Saturday, February 19, 2011

A word about 2010

I feel like I owe you an explanation about the garden last year.  In May 2010, my father passed away.  He was my gardening buddy.  Even though he couldn't physically go out into the garden often anymore, I would come in every morning and give him a run down of what had sprouted and what was growing well and what problems there might be.  After he passed, I couldn't look at the garden without feeling pain.  I just quit going out to the garden.  I let weeds take over and the plants all developed insect problems.  Last year's garden was pretty much a total loss with the exception of some tomatoes, peppers, okra, and a handful of peas. In some ways, I even hated that garden.  I didn't want it--I wanted my dad back.  I know my dad would have been disappointed that I let it get that way, but I couldn't bear the pain.  It was too fresh of a wound.  I missed him too much.

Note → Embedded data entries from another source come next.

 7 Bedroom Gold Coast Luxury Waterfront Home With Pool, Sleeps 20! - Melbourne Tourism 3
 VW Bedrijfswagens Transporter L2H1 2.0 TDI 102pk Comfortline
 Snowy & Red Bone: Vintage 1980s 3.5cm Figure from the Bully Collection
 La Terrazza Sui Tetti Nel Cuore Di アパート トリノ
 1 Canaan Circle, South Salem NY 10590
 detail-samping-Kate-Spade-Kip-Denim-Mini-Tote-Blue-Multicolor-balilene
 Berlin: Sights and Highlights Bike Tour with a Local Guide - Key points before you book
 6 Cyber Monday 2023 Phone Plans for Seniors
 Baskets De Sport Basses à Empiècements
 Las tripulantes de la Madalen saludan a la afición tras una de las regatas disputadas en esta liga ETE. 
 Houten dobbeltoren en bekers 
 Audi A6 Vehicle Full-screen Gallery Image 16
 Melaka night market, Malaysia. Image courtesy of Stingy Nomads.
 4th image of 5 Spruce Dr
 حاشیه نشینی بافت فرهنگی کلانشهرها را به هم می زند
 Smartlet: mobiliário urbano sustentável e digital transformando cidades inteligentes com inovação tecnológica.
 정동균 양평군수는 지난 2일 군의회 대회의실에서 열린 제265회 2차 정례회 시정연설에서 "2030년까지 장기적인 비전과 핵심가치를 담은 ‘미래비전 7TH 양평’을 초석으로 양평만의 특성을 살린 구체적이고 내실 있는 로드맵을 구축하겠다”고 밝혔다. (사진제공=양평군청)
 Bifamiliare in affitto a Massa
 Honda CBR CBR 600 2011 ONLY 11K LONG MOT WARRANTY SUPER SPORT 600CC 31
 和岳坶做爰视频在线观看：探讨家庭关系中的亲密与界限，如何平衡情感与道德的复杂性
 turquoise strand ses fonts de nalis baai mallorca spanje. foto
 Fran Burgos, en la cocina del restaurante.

I'll be honest, it hurts this year too, but I have to go on with it.  Although I usually have so much fun with the garden- isn't just my playtoy, it's responsible for feeding my family healthy foods and saving us money.  This year, I hope and pray for a bountiful harvest --and I also pray that I find the peace I need to enjoy the garden like I used to.

Enough of 2010 - It was a horrible year and it's over.  Let's get started on 2011's garden!